[Collected data]

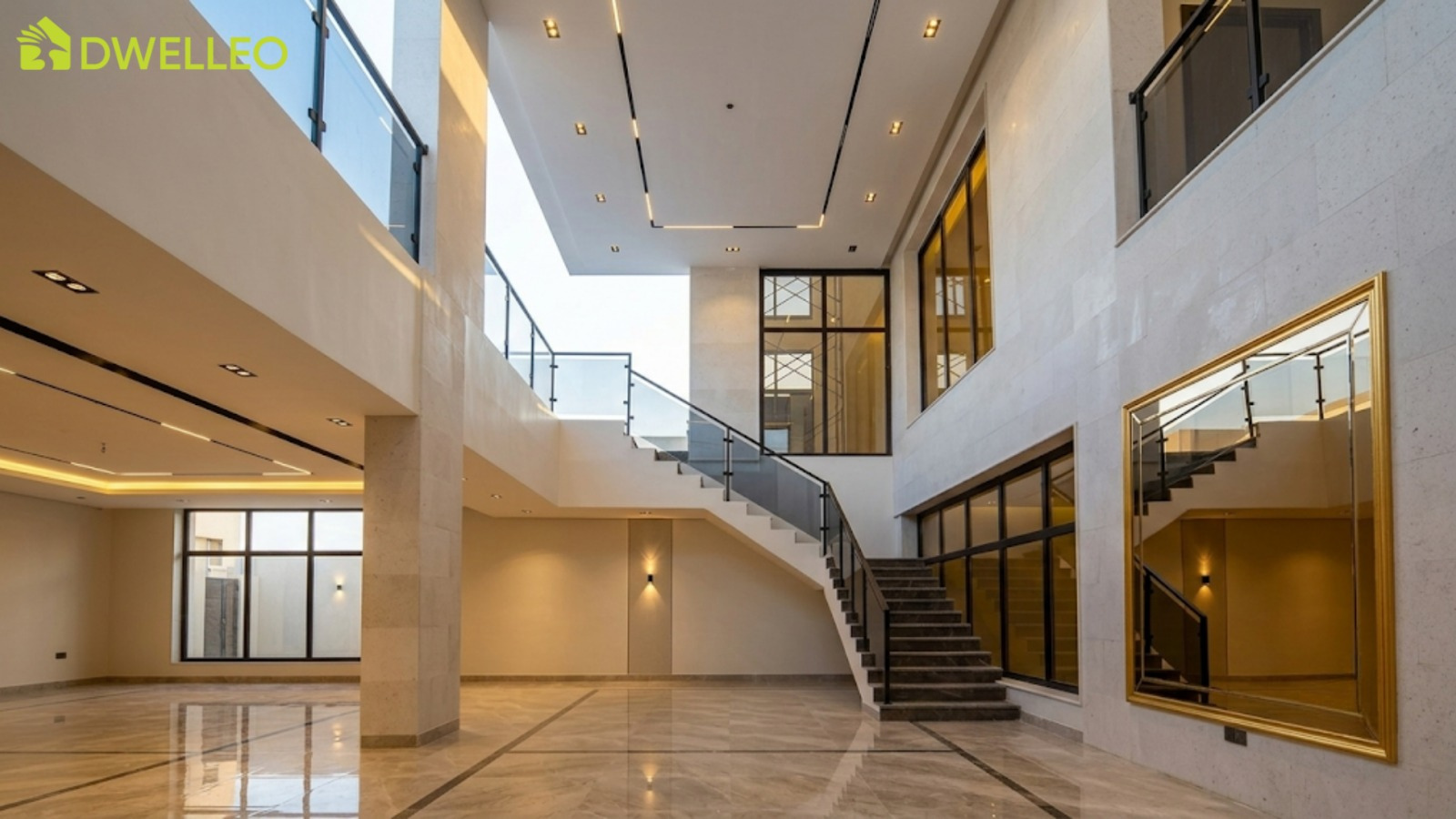 Property thumbnail 6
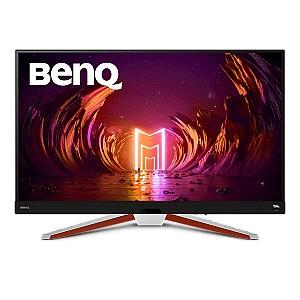 Monitor gaming BenQ EX3210U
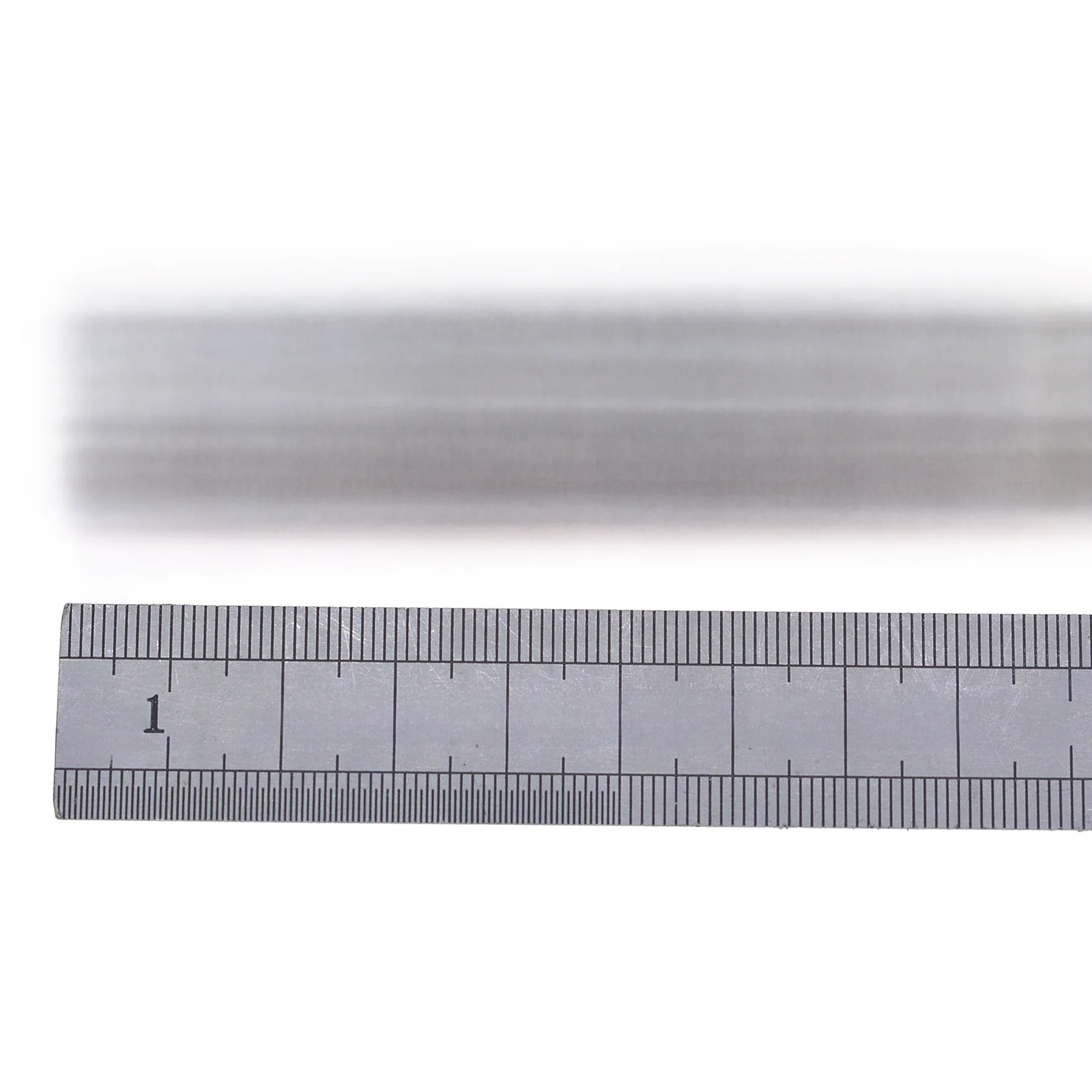 Sortiert feine kleine 304 Edelstahl oval laufen Kurs Schraub verschluss Haken Karabiner Schlüssel
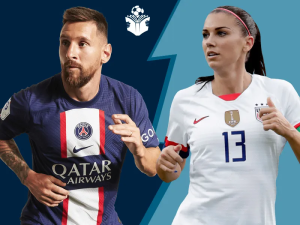 Joao Rafael Silva Robertson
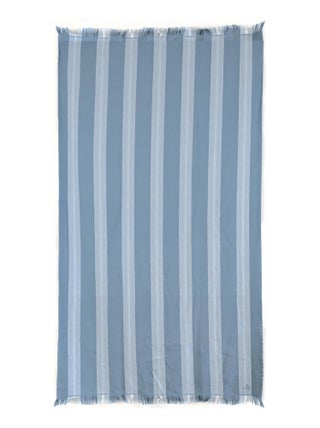 Drap de plage SUPRAMONTE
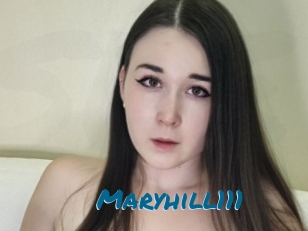 Maryhill111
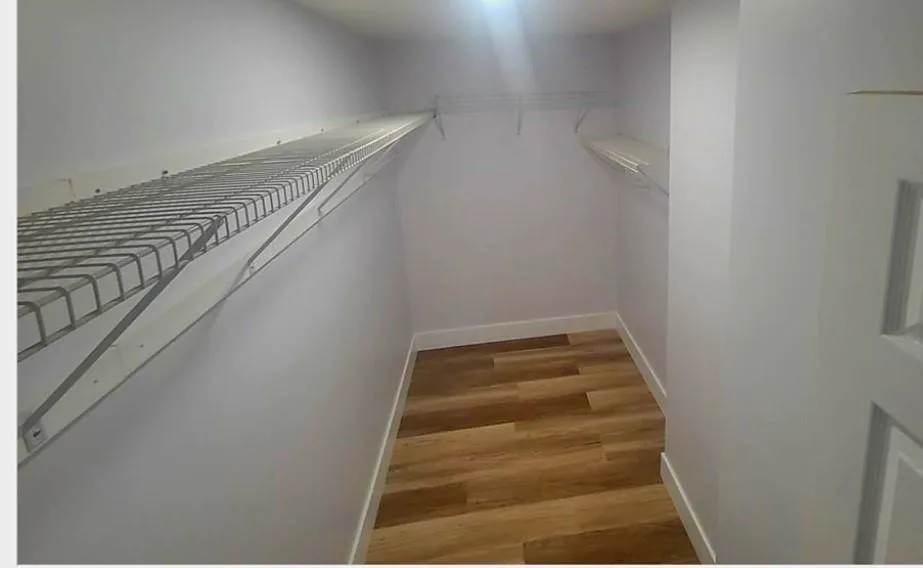 3700 N 56TH Avenue # 1030, Hollywood, FL 33021 photo 10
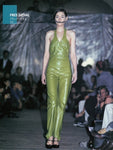 "Contemporary Fashion No.3" Published in January 1996 Digital Book (PDF) Version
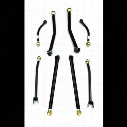 TeraFlex Elite LCG Long Arm Upgrade Kit - 1955020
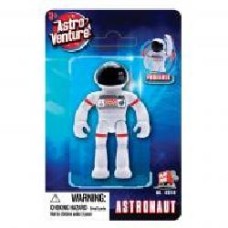 Игровой набор Astro Venture Astronaut Figure 63119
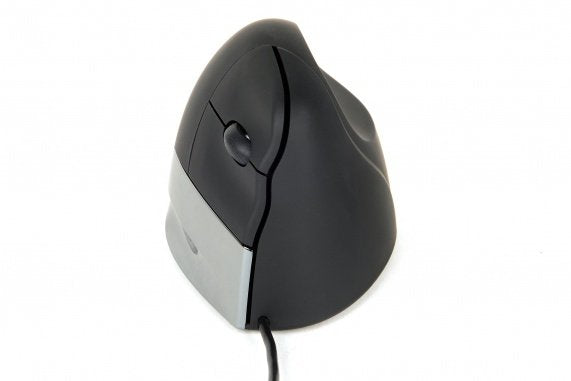 EAN 8717399995788 - BakkerElkhuizen Evoluent Standard ratón Oficina mano derecha USB tipo A Óptico 1500 DPI imagen 3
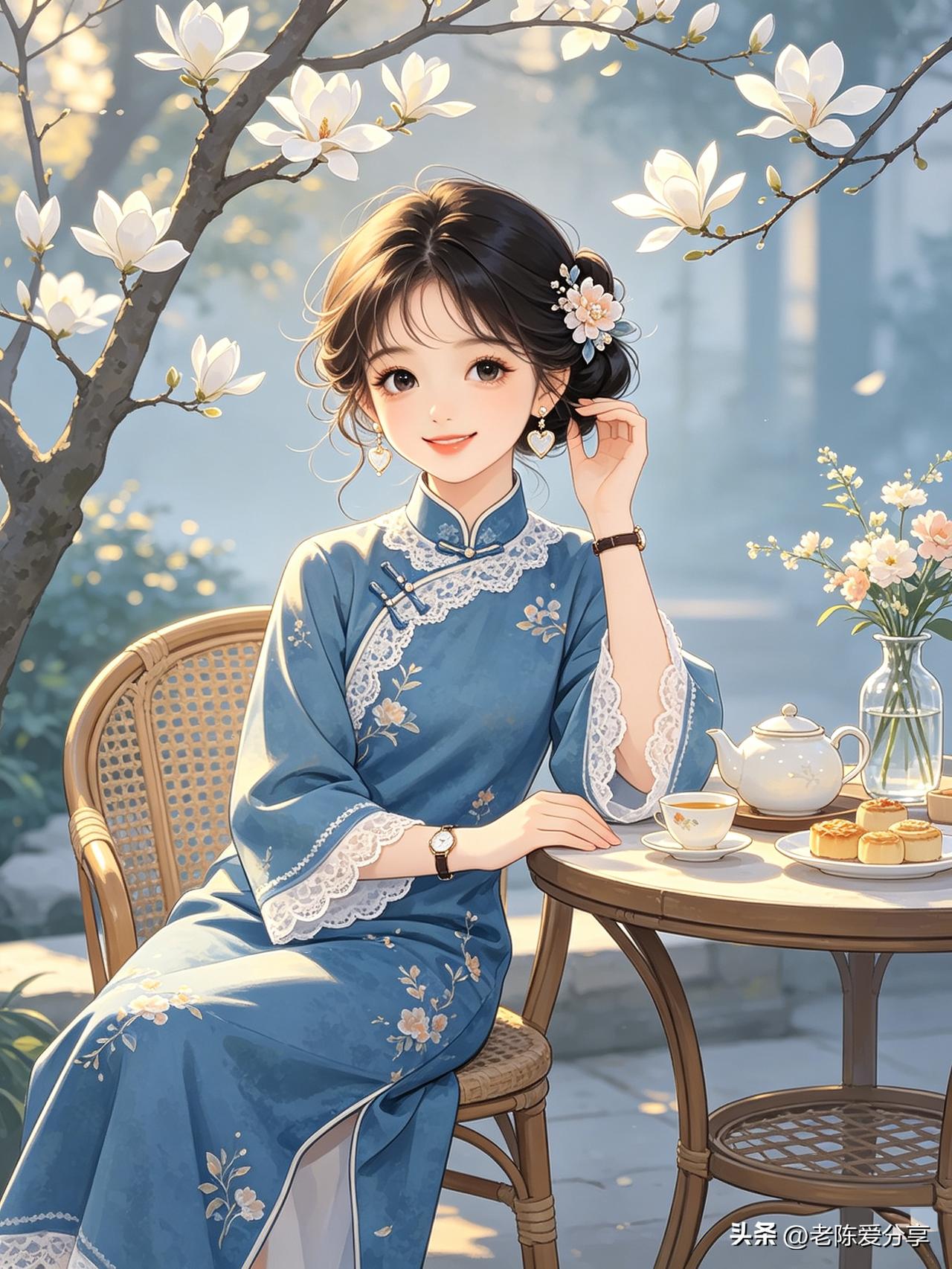 人这一生，

白天是职场上的工具人，西装领带一穿，端着咖啡挤着地铁，笑脸迎人，加
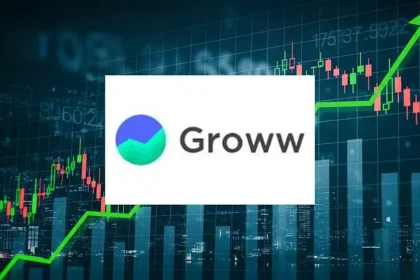 groww-share-price-q4-results-pat-rise-122-percent-stock-surge-2026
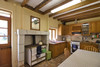 French property for sale in Baugé-en-Anjou, Maine-et-Loire - €210,000 - thumbnail 9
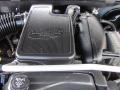 Silverstone Metallic - TrailBlazer EXT LS 4x4 Photo No. 21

● Exercise goal:
Would you transcribe, exactly and only, the lines from the one that contains "白天是职场上的工具人，西装领带一穿，端着咖啡挤着地铁，笑脸迎人，加" through the last line of the data above, without any pictures?

● Answer:
白天是职场上的工具人，西装领带一穿，端着咖啡挤着地铁，笑脸迎人，加
 groww-share-price-q4-results-pat-rise-122-percent-stock-surge-2026
 French property for sale in Baugé-en-Anjou, Maine-et-Loire - €210,000 - thumbnail 9
 Silverstone Metallic - TrailBlazer EXT LS 4x4 Photo No. 21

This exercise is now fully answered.